▸ REQUIREMENT: Write out again, unchanged, the line that has "Citroen C4 III" and each following line through the end of the entries below; leave pictures out.

▸ AVAILABLE DATA:
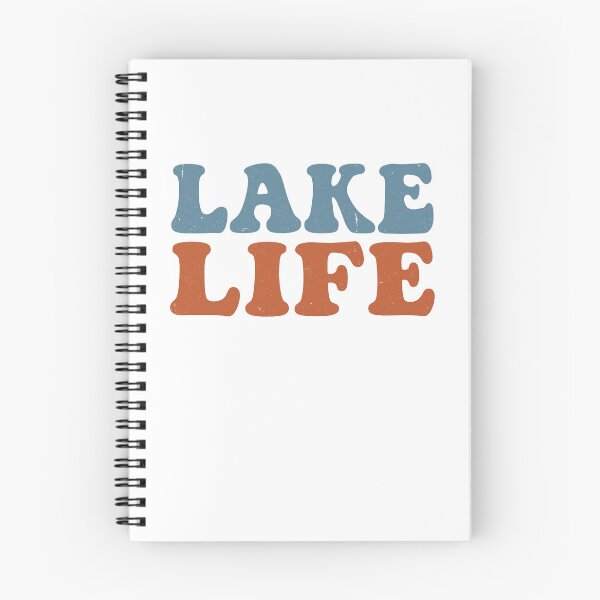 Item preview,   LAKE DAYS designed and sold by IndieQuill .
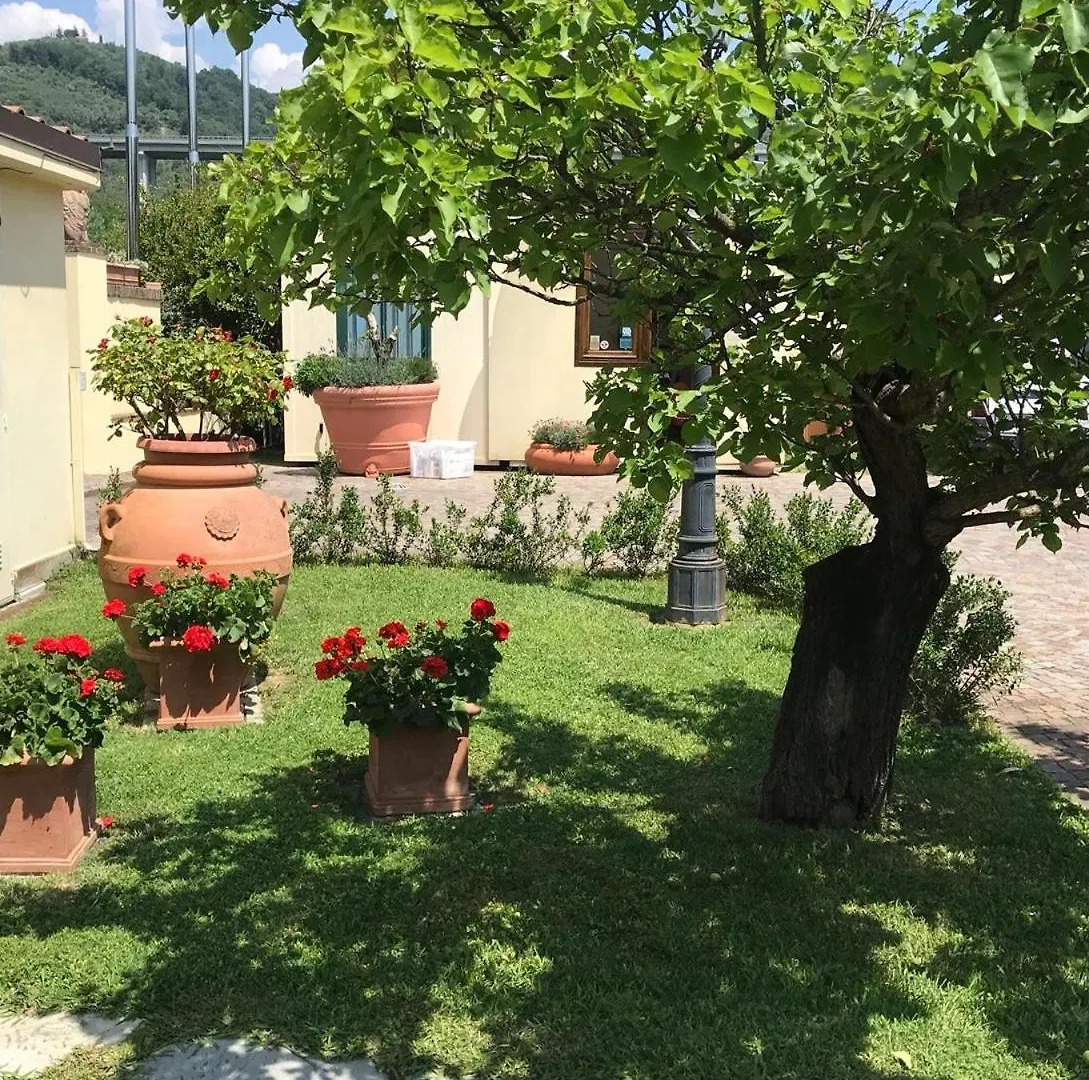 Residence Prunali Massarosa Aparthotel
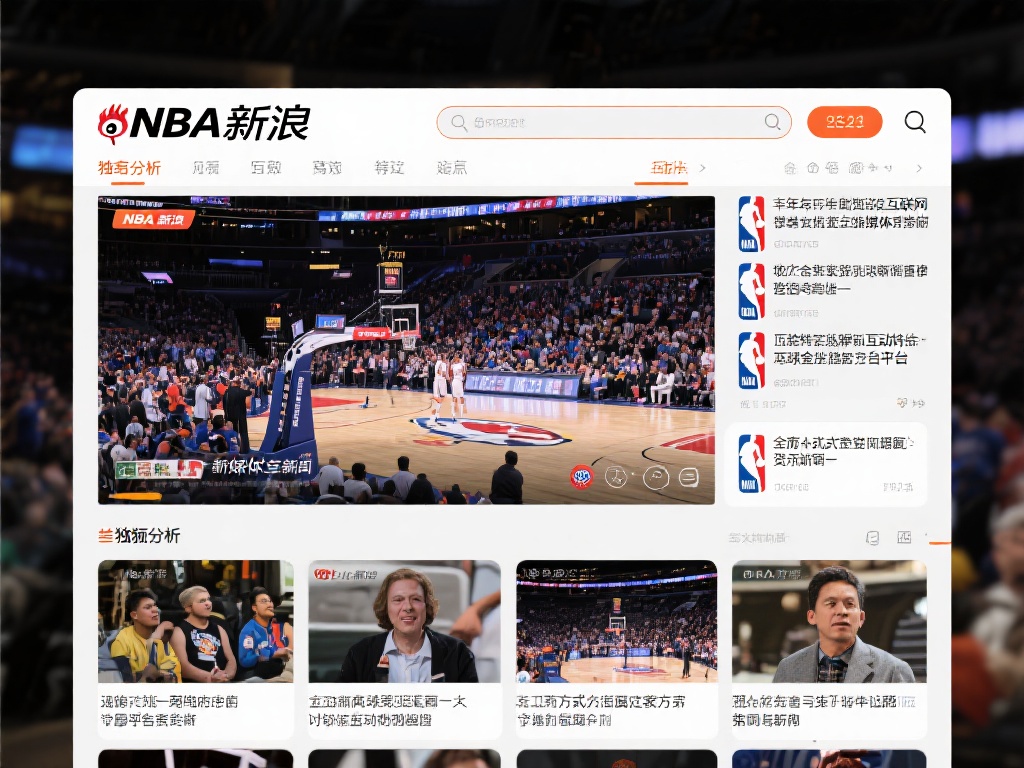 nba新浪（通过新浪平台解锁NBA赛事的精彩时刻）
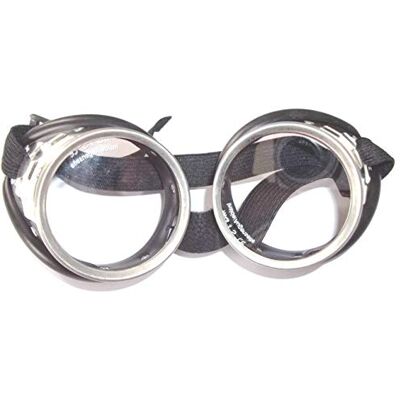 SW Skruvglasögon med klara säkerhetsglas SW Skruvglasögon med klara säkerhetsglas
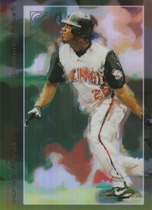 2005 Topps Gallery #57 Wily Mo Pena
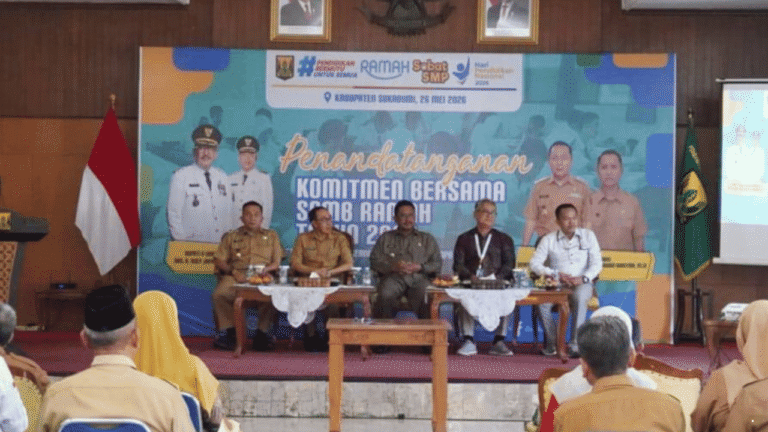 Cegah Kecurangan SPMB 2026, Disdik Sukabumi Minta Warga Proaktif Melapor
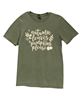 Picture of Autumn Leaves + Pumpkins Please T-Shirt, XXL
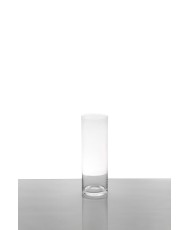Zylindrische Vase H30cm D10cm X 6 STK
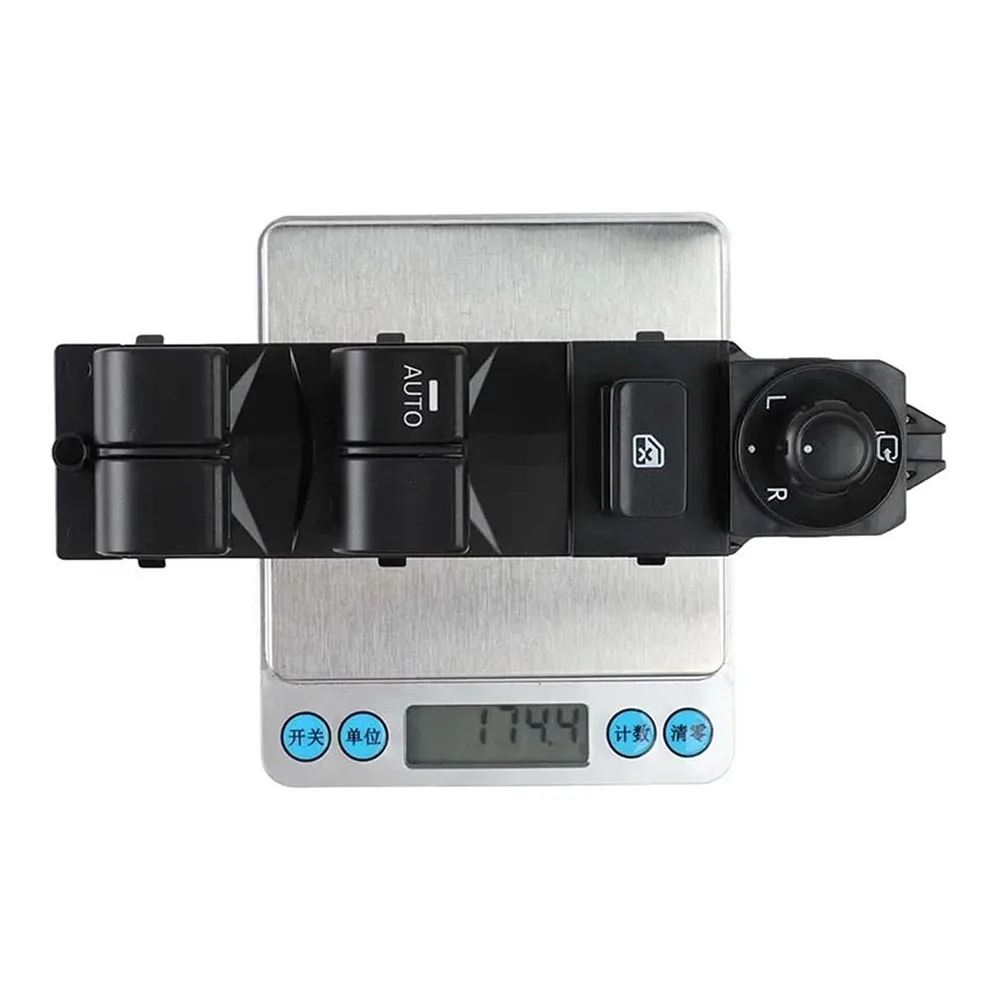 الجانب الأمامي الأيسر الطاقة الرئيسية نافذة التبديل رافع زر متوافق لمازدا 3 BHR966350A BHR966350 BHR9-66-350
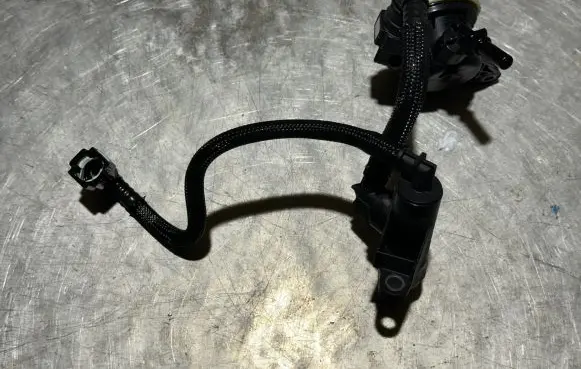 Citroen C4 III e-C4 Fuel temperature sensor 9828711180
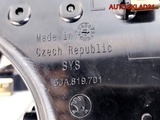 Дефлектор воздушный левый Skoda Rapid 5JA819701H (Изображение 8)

▸ SOLUTION TO THE PROBLEM:
 Citroen C4 III e-C4 Fuel temperature sensor 9828711180
 Дефлектор воздушный левый Skoda Rapid 5JA819701H (Изображение 8)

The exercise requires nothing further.